For some addicts, gambling is not a pleasant entertainment, but a "temptation" driven by death. This is even more evident in people who have had traumatic experiences. After experiencing a catastrophic medical resurrection Joanne's obsession with doing dangerous things, she feels that gambling is also a risk, and the process of losing a sperm has a feeling of "taking her life", which "helps her control the trauma of her near-death experience by repeating it, but also takes her into a zero-degree puzzle that transcends all traumas." Diane, who was raped at the age of 17 and nearly strangled, said it was a strange feeling to know that she had been killed and left to die. Gambling brought her closer to that numb sense of relief, a state in which the way she quickly moved into the finale satisfied her desire to both control life and make it disappear.

Flow and addiction

During a group therapy session for gambling addictions, the author participated in the production of an "Addiction Catalog". Everyone present contributed some potentially addictive entries. Drugs are a large category, in addition to common addictive drugs such as cocaine, hallucinogens, and sedatives, they also include laxatives, stomach medicines, nasal sprays, aspirin and other common drugs. Drinking, watching TV, driving fast cars, eating high-oil and sugar foods, spending money for the sake of spending money, chatting for the sake of chatting, and even fitness and religious activities are all on this long list of addictions. They concluded that anything can be addictive and anyone can be addicted.

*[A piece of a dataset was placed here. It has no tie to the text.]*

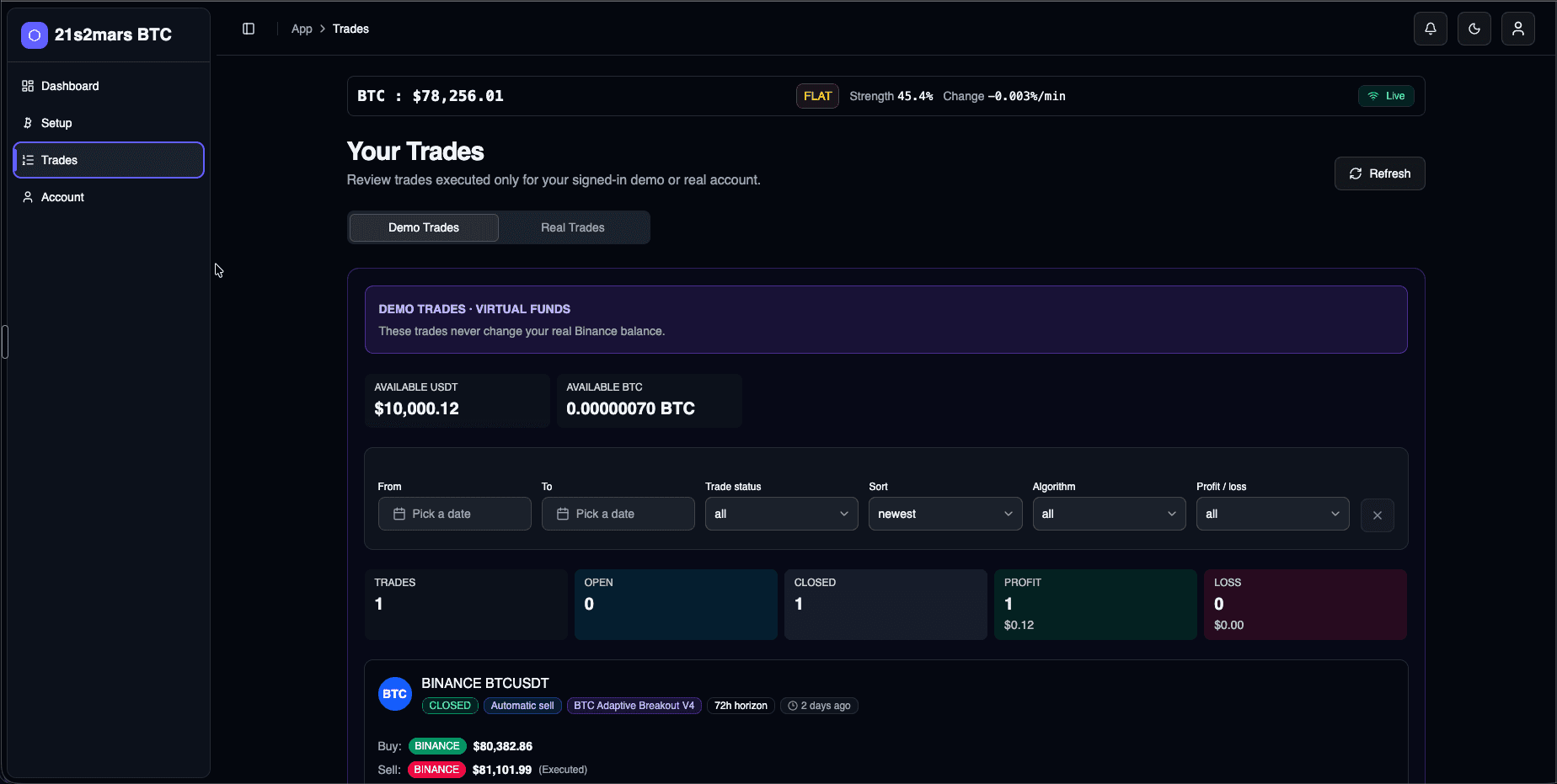 21s2mars BTC user workspace showing demo trades with virtual funds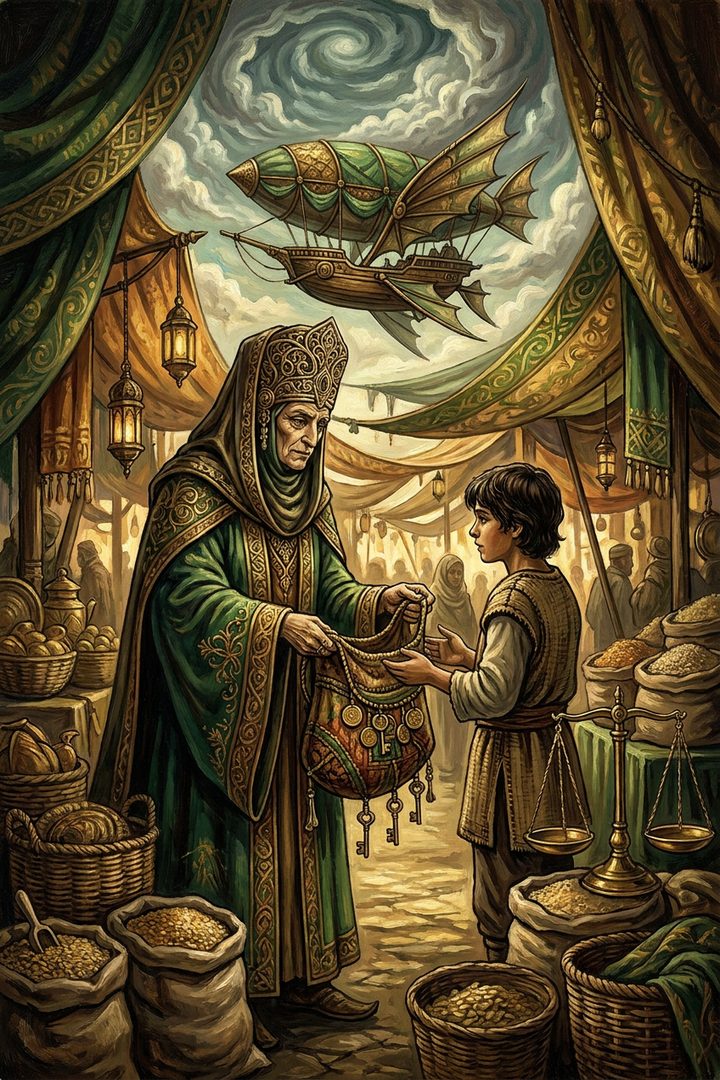 Inherited Purse: an original painted scene, an illustrated scene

Strange addiction is a disease of modern people. "Flow", a concept often used to describe "positive energy", is also used by the gambling industry to describe the immersion that machine gambling can bring. Mikhari Zixon Mihay, the psychologist who invented flow, acknowledges that any kind of flow activity is potentially addictive, and that in an "immersive" experience where attention is highly focused on an activity, one can step into hovering time and space and temporarily forget the chaotic reality. Flow is widely used to describe the principles of positive activities such as meditation, yoga, reading, and playing musical instruments. It's just that people who "run forward" can engage in creative activities or regain self-balance with full concentration in flow, while "backward escape" simply means losing oneself with repetitive actions without reaping any self-actualization. Machine gambling is a typical form of "backwards escape."

The general ethical proposition of neoliberalism is that individuals should be solely responsible for actions of their own choosing, and that addicts, having chosen to gamble, should take full responsibility for their robot students. Shure disagreed, arguing pointedly that the gambling industry and regulators needed to modify or order the machines to be retrofitted. Her findings show that a series of abstinence treatments that require gamblers to escape their predicament are either ineffective or repeated. This cannot be entirely attributed to the addict's weak willpower, but the design of the machine should not have been so framing human beings suffering from the disease of modernity.